Stikeman Elliott represents Infineon Technologies AG and Infineon Technologies North America Corp. (together, "Infineon") in Canadian class actions commenced in British Columbia, Quebec and Ontario, with a team that includes Katherine Kay, Eliot Kolers, Yves Martineau and Mark Walli. Infineon, a manufacturer of DRAM, is a defendant in these price-fixing class actions, along with several other DRAM manufacturers. DRAM is an essential component in a wide variety of consumer and business electronics products, including computers, mainframes, servers, cellular phones, digital music players, cameras, automobile systems, and many others.
The B.C. plaintiff alleges that the defendant manufacturers of DRAM engaged in an international conspiracy to fix the price of DRAM for the period from April 1, 1999 to June 30, 2002, and that B.C. purchasers of DRAM and products containing DRAM suffered harm by way of overcharges for the DRAM contained in products the class members purchased. The plaintiff claims damages for violation of the conspiracy provisions of the Competition Act, common law conspiracy, and tortious interference with economic interest, and seeks restitution from the defendants on unjust enrichment, waiver of tort and constructive trust claims.
Although the proposed class was designed to include both direct purchasers (i.e., those who bought DRAM directly from the manufacturers) and indirect purchasers (i.e., those who bought DRAM or products containing DRAM from someone other than the DRAM manufacturers), the proposed British Columbia class consisted overwhelmingly of indirect purchasers and numbered in the millions of B.C. residents. The matter was further complicated by the wide range of electronic products that contain DRAM, and the numerous manufacturers and chains of distribution (most of which were outside of British Columbia) by which the allegedly price-fixed DRAM could have reached British Columbia residents.
A major issue considered by the British Columbia Supreme Court focused on the question of whether the fact of harm - not the quantum of harm, but the fact of harm - could be shown on a class-wide basis. The defendants argued that the plaintiff had failed to provide a workable method to demonstrate that there was an overcharge by reason of the alleged price-fixing agreement, and whether and in what amount any overcharge would have passed along the various chains of distribution. Canadian law does not recognize the so-called Illinois Brick doctrine, which exists in the United States and precludes (at the federal level) recovery by indirect purchasers of such damages (the result of the U.S. doctrine is that direct purchasers can sue federally, and defendants cannot rely on the overcharge having been "passed on" or "passed through" to others further along the chain of distribution to defeat liability). Absent such a doctrine in Canada, the B.C. court was left to consider how the fact of harm could be established on a class-wide basis for a class consisting of direct and indirect purchasers, all at different places in different chains of distribution. As the court characterized it, whether the alleged overcharge on DRAM could, on a class-wide basis, be "identified as having been passed through" from direct purchasers to indirect purchasers in B.C. was a "key aspect" of the plaintiff's certification application.

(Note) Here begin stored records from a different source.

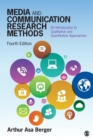 Image for Media and communication research methods  : an introduction to qualitative and quantitative approaches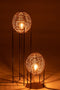 STANDING LAMP FR MET/RAT NAT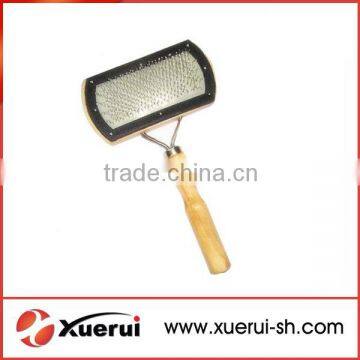Grooming self cleaning slicker brush, magic pet brush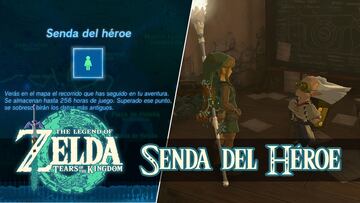 the legend of zelda tears of the kingdom nintendo switch guia senda del heroe como se consigue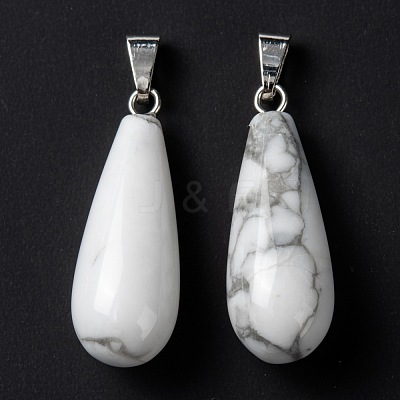 Natural Howlite Pendants G-F707-15-1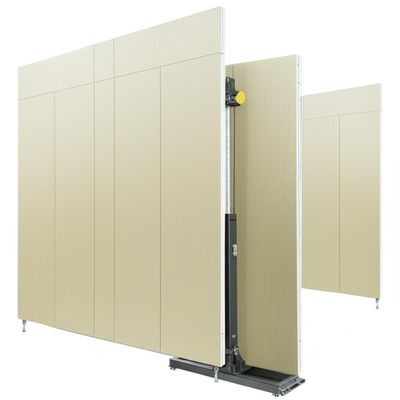 Bom preço. OEM ODM Sound Insulation Partition Wall with 800N Jack Lifting Mechanism and 40N/m Magnetic Attraction in Melamine Finish on-line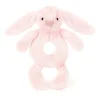 Baby Jellycat Bashful Kanin, Lyserod Rangle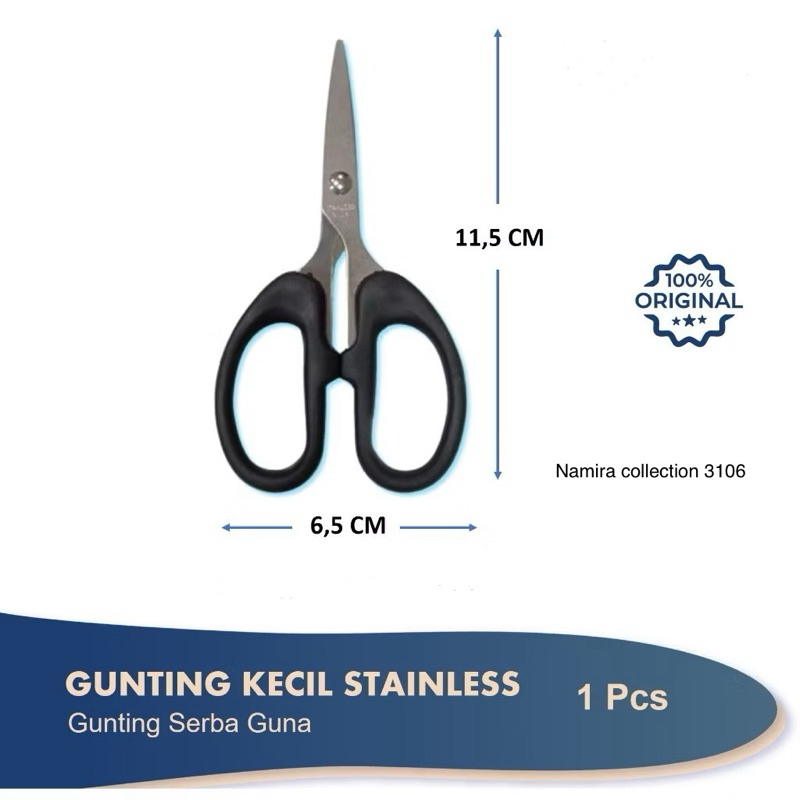 

Gunting Kecil Scissor Stainless Tebal Tajam 12 cm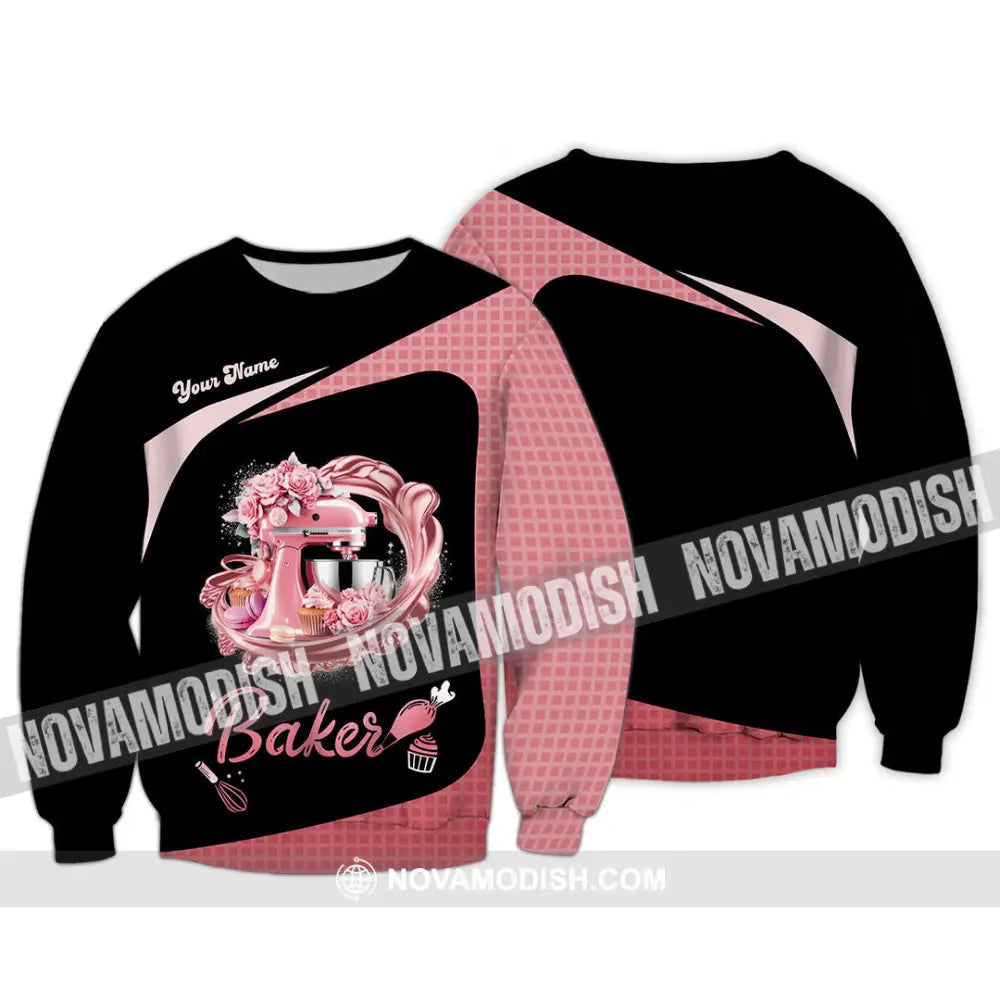 Unisex Shirt - Custom Baker Love Baking Shirt Long Sleeve / S T-shirt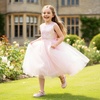 image:imageStelle Girls Dress Shoes Mary Jane Flats for School Party Flower Girl  Hookandloop closure Princess shoes Cushioned comfort Uniform Wedding Dress occasions Patent finish Glitter finishPink Ombre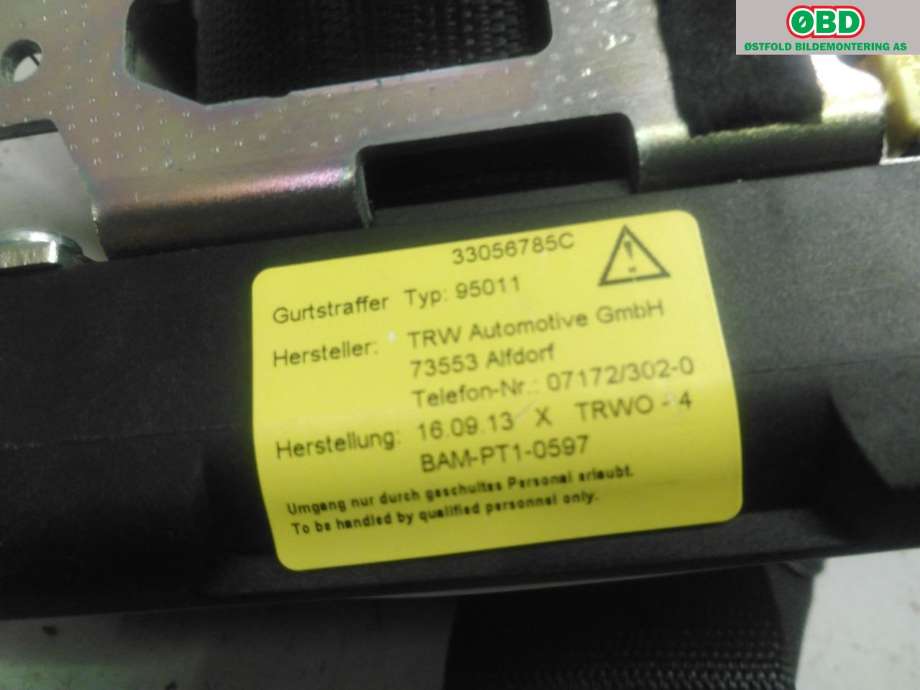 Airbag beltestrammer til Mercedes CLS 2011-2017 (C218) (C218) (MERCEDES|A 218 860 14 85|)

Denying certification, Justice Masuhara of the B.C. Supreme Court held that the plaintiff's application for certification did not provide any workable class-wide method for determining whether any overcharge was passed through to class members, which was essential for the plaintiff to demonstrate that the defendants' liability on the price-fixing (and other) claims was a common issue for the class. The result was that the proposed class proceeding would "dissolve into a series of individualized inquiries that would overwhelm the common aspects of the case". In reaching this conclusion, the court examined and reviewed at length the expert economic evidence on pass through tendered by the plaintiff, and found that it did not satisfy the plaintiff's burden of "establish[ing] that the proposed methodology has been developed with some vigour and will be sufficiently robust to accomplish the stated task." Justice Masuhara found that "scrutiny" of the evidence offered at the certification stage was required to avoid "the real risk of dysfunction which cannot be in the interest of the litigants or the judicial process".
Justice Masuhara held that the absence of a class-wide means of proving liability to the class members made the proposed class action unmanageable, that resolution of common issues (such as the existence of a conspiracy) would not move the litigation forward in a meaningful way, and that the individualized inquiries required to establish pass through "would not promote access to justice or judicial economy". The court also found that the prospect that individual litigation would not continue (or be brought) was insufficient to make a class action the "preferable procedure" for resolution of the plaintiff's price-fixing claims.
Justice Masuhara also rejected the plaintiff's assertions that the "clear trend" in B.C. is to certify actions as class proceedings and to permit any difficulties with the proceeding to be addressed "in the laboratory of the trial court". The court found that proposition to be "inconsistent with judicial economy or fairness in a case such as this". Similarly, Justice Masuhara rejected the use of statistical sampling or averaging methodologies which have recently been applied in non-Competition Act cases by courts in Canada, holding that "the plaintiff cannot circumvent the need to prove harm on a class-wide basis by resorting to the aggregation principles of the Act, which would be available only after such a pass through was already established on a class-wide basis."
The plaintiff has advised that there will be an appeal from the decision of the B.C. court. The Quebec motion for authorization (certification) has been argued in the Quebec court and is presently under reserve. These continuing developments will all be watched with great interest.